Figo was the first 'galactico' bought in Real Madrid's infamous strategy of assembling the best international stars and the best homegrown talents. Though the plan never quite worked out, galácticos such as Figo, Zidane, Ronaldo (the Brazilian one), and Beckham made Real Madrid an instantly recognizable brand all over the world, and produced some outstanding football.
Figo was part of a 'golden generation' for the Portuguese national football team, but couldn't win any trophies with the Selecção das Quinas.
From: Atlético Madrid
Transfer Fee: Euro 60 million (USD 79 million) in 2013
Radamel Falcao shot to fame by winning the Europa League and the Portuguese Primeira Liga, with Porto, and then carrying on in the deadly goal scoring vein after transferring to Atlético Madrid. His 2013 transfer to French club AS Monaco became the French Ligue 1 transfer record, until it was broken by Cavani's purchase by Parisian club Paris St. Germain in the same transfer window.

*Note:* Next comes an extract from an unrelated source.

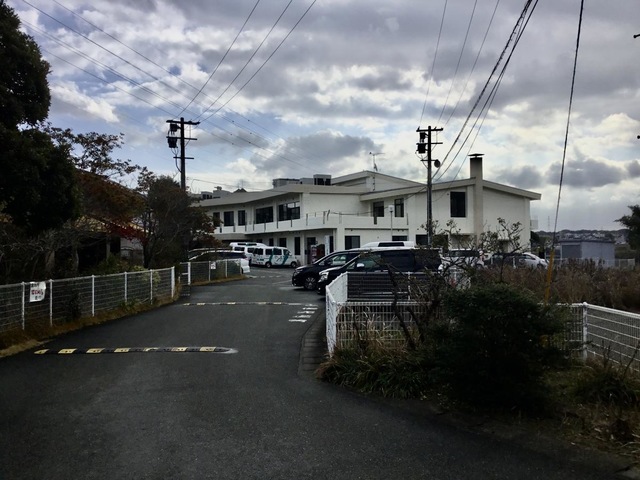 天拝の園 建物全景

Falcao is considered the best finisher in the current game. He is comfortable playing with either foot, and despite being only 5' 10'' tall, is a renowned header of the ball.
Transfer Fee: Euro 58 million (USD 79 million) in 2011
Having started his career at his hometown club Atlético Madrid, Spanish marksman Fernando Torres became one of the most feared strikers in the world, at Liverpool, scoring 81 goals in 142 games for the Reds. His move to Chelsea in the January 2011 transfer window not only alienated him to Liverpool fans, but resulted in a severe loss of form. He has only scored 35 goals in 135 games for Chelsea, and notoriously took 903 minutes to score his first goal for the Blues.
At his peak, Torres used his pace and dribbling ability to great effect in Rafa Benitez's counterattacking unit, and struck up a legendary partnership with Liverpool talisman Steven Gerrard. Torres was renowned for his finishing ability, being able to score with either foot, and his head.
His transfer is the most expensive transfer between two English clubs as well as the highest any English club has paid for a player.
Transfer Fee: Euro 57 million (USD 74 million) in 2013
Hailed as a wonderkid right from his first steps as a professional footballer, Neymar showed the material behind the hype in a victorious 2013 Confederations Cup campaign, before signing a lucrative deal with Spanish champions Barcelona, right after the Confederations Cup. His transfer is the highest a Brazilian club has received for a player.
He is an excellent dribbler and goalscorer, and was the top goalscorer at the 2011 South American Youth Championship at the age of 19. He is viewed as the most important player for Brazil in their preparations for the 2014 World Cup on home soil.
Transfer Fee: Euro 56.5 million (USD 60 million) in 2000
Crespo's transfer to Lazio in 2000 broke the world record before Luis Figo's move to Real Madrid trumped it.
Crespo was one of the best strikers in the world around the turn of the millennium, and played for three Italian clubs between 1996 and 2003. He also played for Inter and AC Milan, on loan from Chelsea, and scored two goals for AC Milan in the 2005 Champions League final. He was particularly noted for his heading ability and instinctive finishing.
Crespo's transfer remains the highest amount exchanged between two Italian clubs as well as the highest transfer fee paid by an Italian club.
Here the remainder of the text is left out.